Both versions also include a fairly robust character customization system. Every character that was in the vanilla version of the game has two additional variations on each of their Special Moves (the DLC characters, however, do not). They actually provide slightly different playstyles depending on which moves you choose, and are a lot of fun to experiment with.

Additionally, every character benefits from badges that change their stats, Speed, Power, and Defence. Some badges include additional boons like starting with items, in exchange for weaker effects, while others actually penalize you with lower jumps, but provide massive stat boosts to compensate. It’s pretty neat playing around with different badge loadouts and seeing what you can make. Formerly slow characters like Ganondorf can become ridiculously fast combo masters, while a fast Pikachu instead becomes an indomitable stone wall.

WVW69i3J6sUope3FxT

Customs vary in utility, though many follow a simple pattern of “this one is stronger but slower, and this one is faster but weaker.” Many recovery options strengthen the recovery, at the cost of the move doing absolutely nothing to enemies.

In addition to customizing the in-game cast, you can take your favourite Miis and turn them into in-game fighters. Ever wanted to fight alongside Mario and Link to take down Bowser and Ganondorf? Well, now you can by turning yourself (and your friends, and all those other weird Miis you download off the internet) into a Mii Brawler, Mii Swordfighter, or Mii Gunner. They all have a host of different Special Moves (mostly inspired by the in-game cast) and depending on their build, different stats, which you can also boost with badges. There’s also a ridiculous amount of costumes and hats to customize their look with, especially with DLC adding so many more.

WVW69i3J9W48wJCHYs

He may not be that great at Smash, but he’s certainly great in Smash.

So, I’ve gone on long enough about the single-player experience (and I said I’d keep it short, too! Whoops!), so let’s talk multiplayer.

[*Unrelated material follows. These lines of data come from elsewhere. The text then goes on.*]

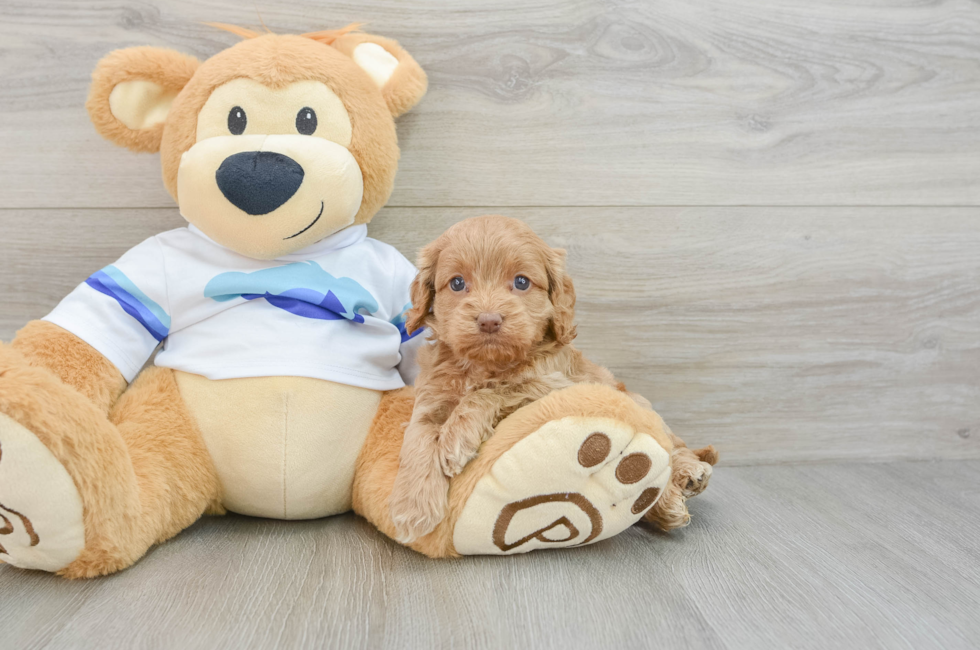 5 week old Cockapoo Puppy For Sale - Puppy Love PR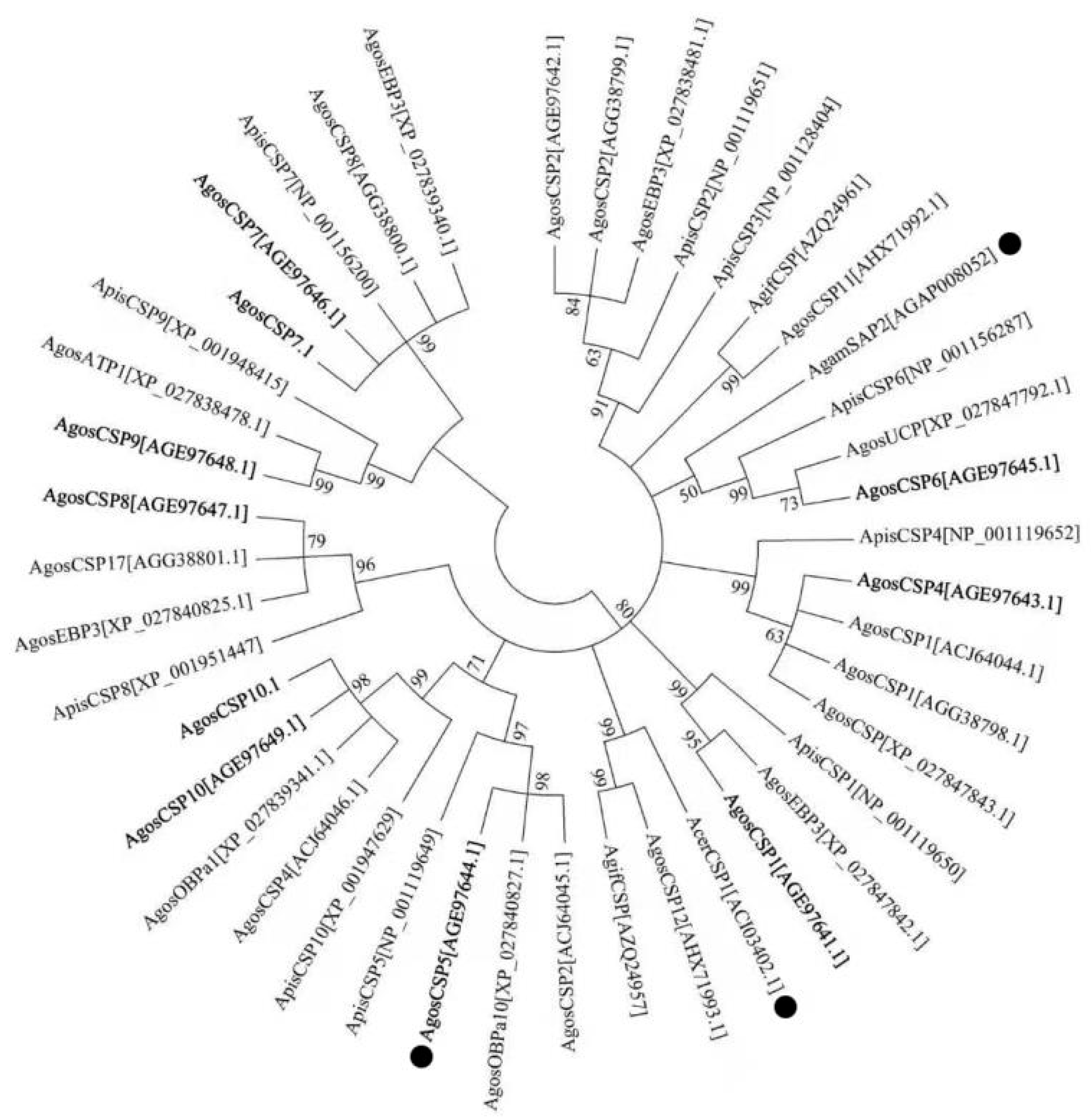Insects 12 00335 g001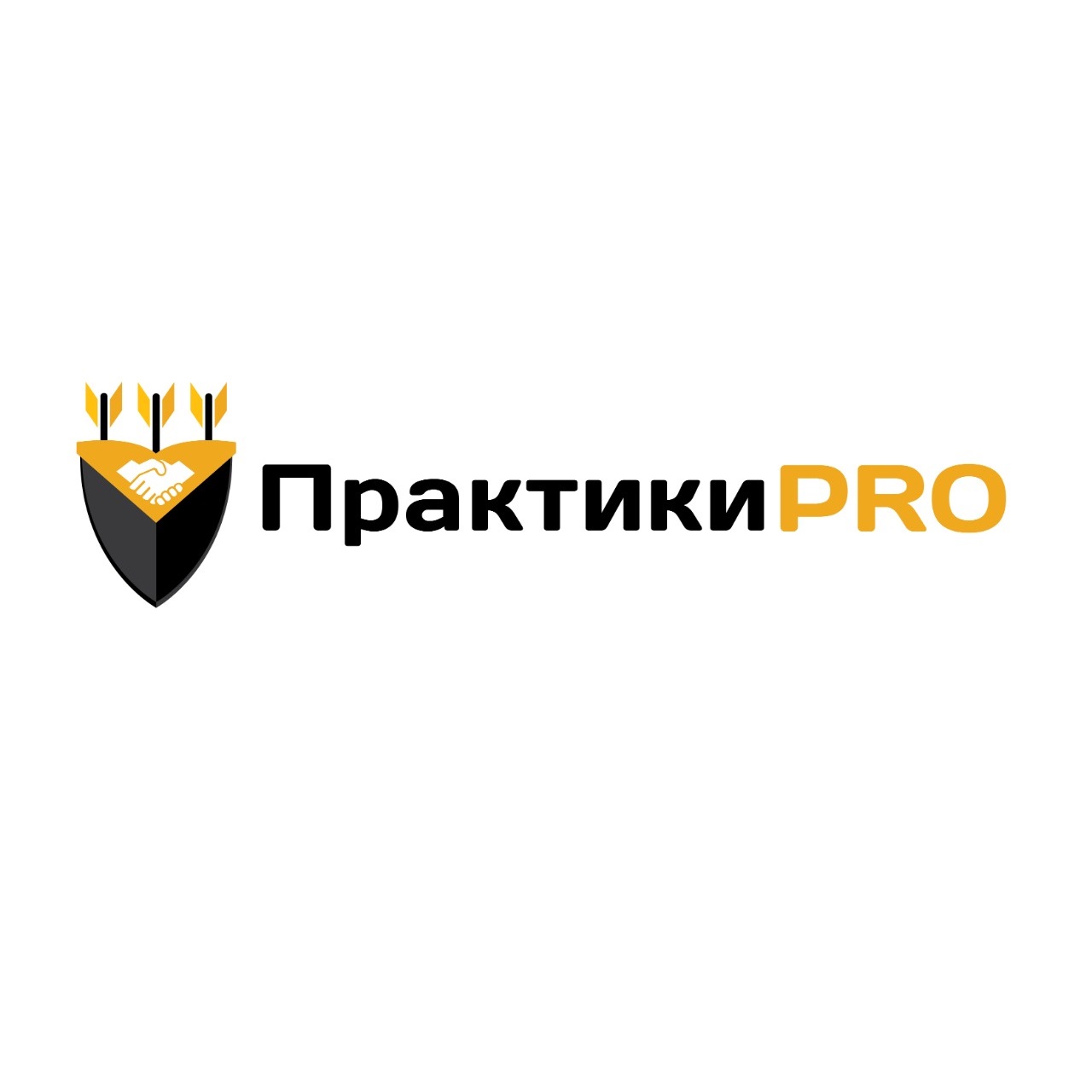 Логотип компании Продюсерский центр Практики PRO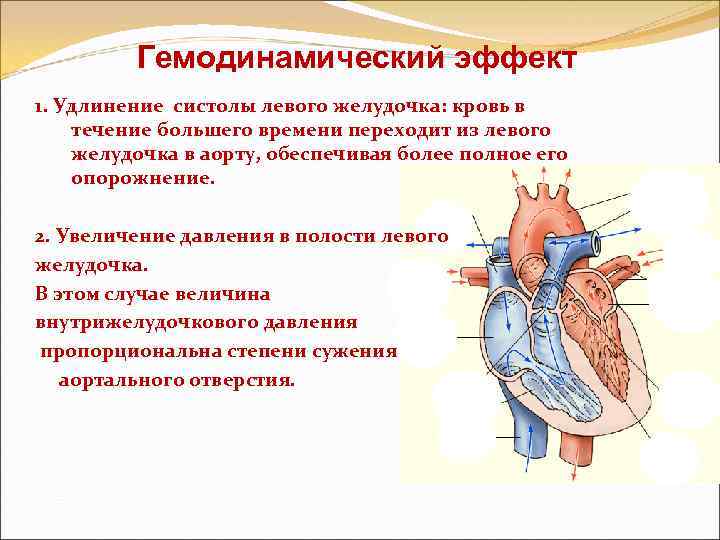 Площадь открытия аортального клапана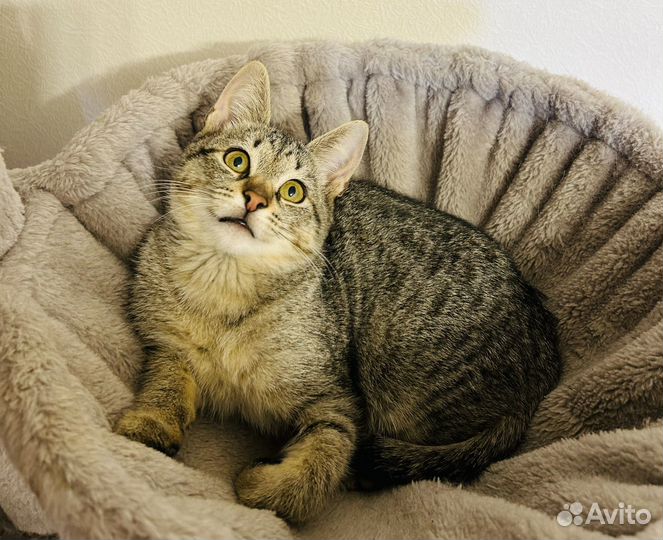 Милый котенок ищет дом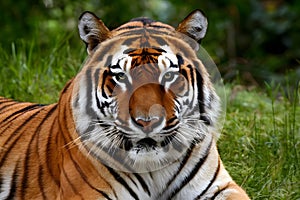 Frontal view presents majestic Sumatran tiger portrait in striking detail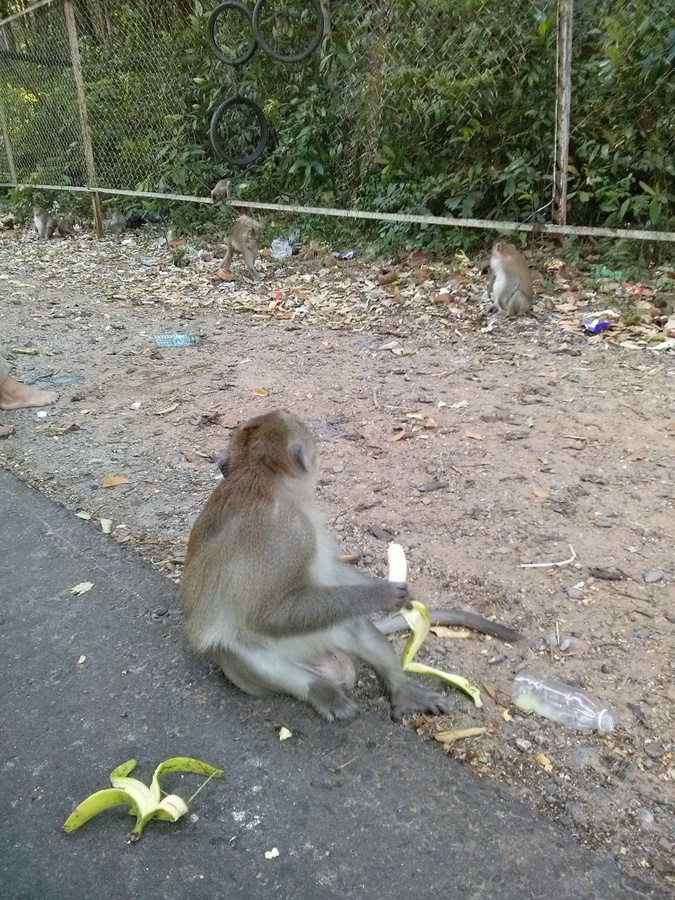 Сиануквиль. Камбоджа. Где много - много диких обезьян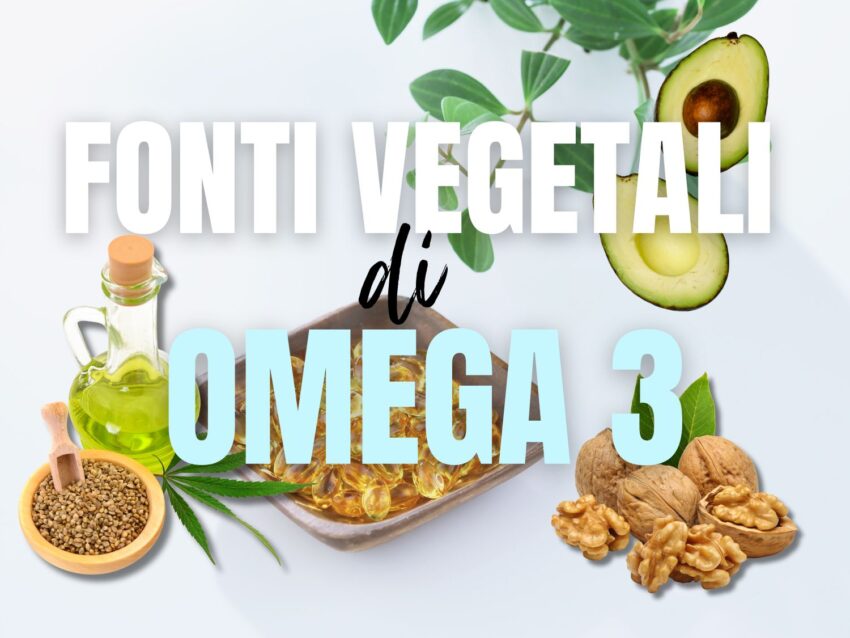Le principali fonti vegetali di omega 3
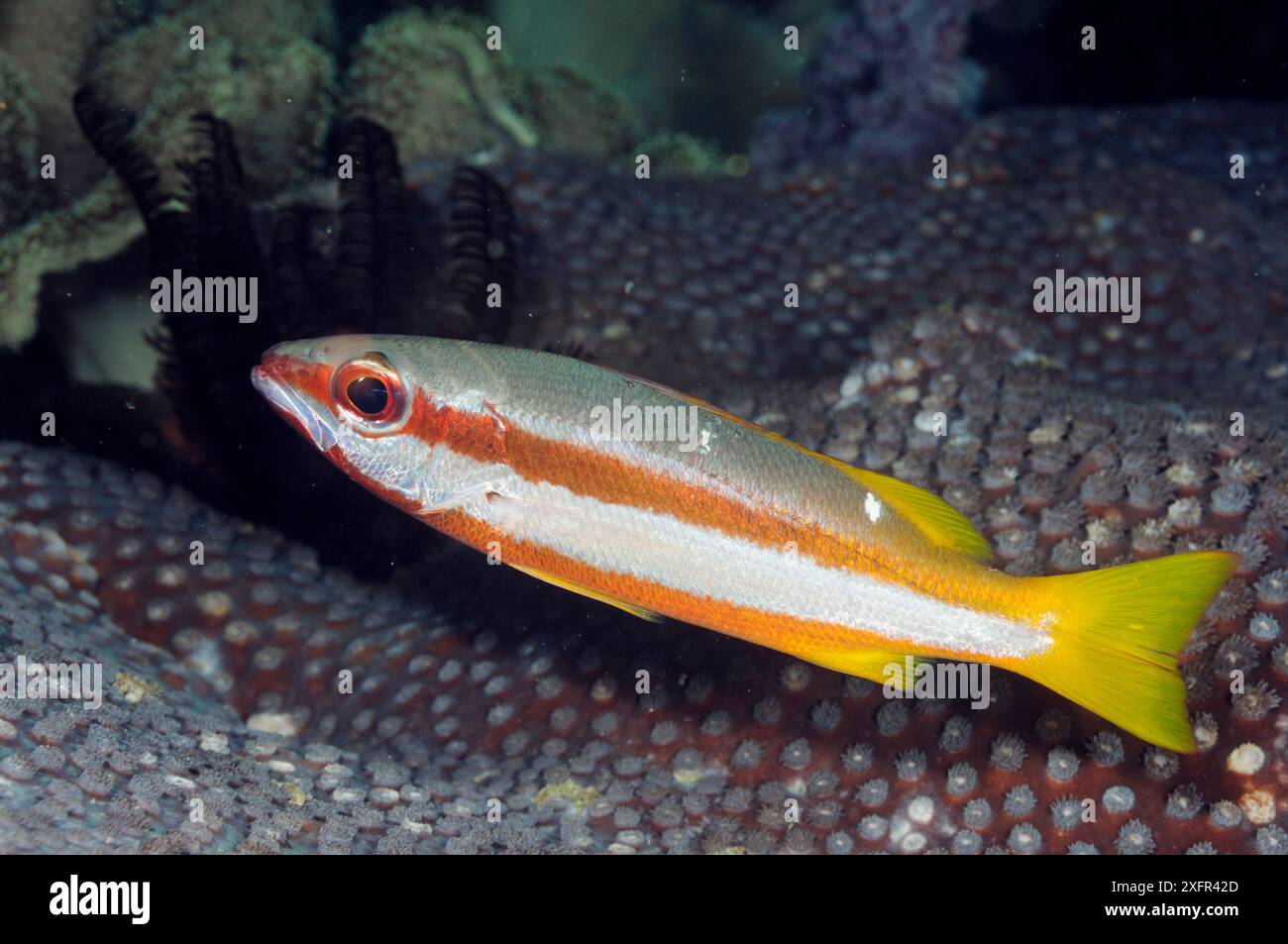 Dentice a due punti (Lutjanus biguttatus), Triton Bay, vicino a Kaimana, Papua Occidentale, Indonesia Foto Stock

It’s fun. There’s really no other way to say it, getting into a Smash match with friends is just plain old fun. The number of options is ridiculous, there’s a pretty good selection of stages across both versions (though the 3DS seems to have the better selection overall), many of the new stages are fantastic, the returning old stages are some classic favorites, all of the DLC stages are excellent, and the sheer number of musical tracks available for them in the Wii U version is staggering. Every stage also has an Omega variant that changes the layout to resemble Final Destination – a flat stage with no platforms and no stage interactions. This is actually pretty cool, though I wish a similar system were available for Battlefield-layout stages, as it’s also a good stage for competitive play.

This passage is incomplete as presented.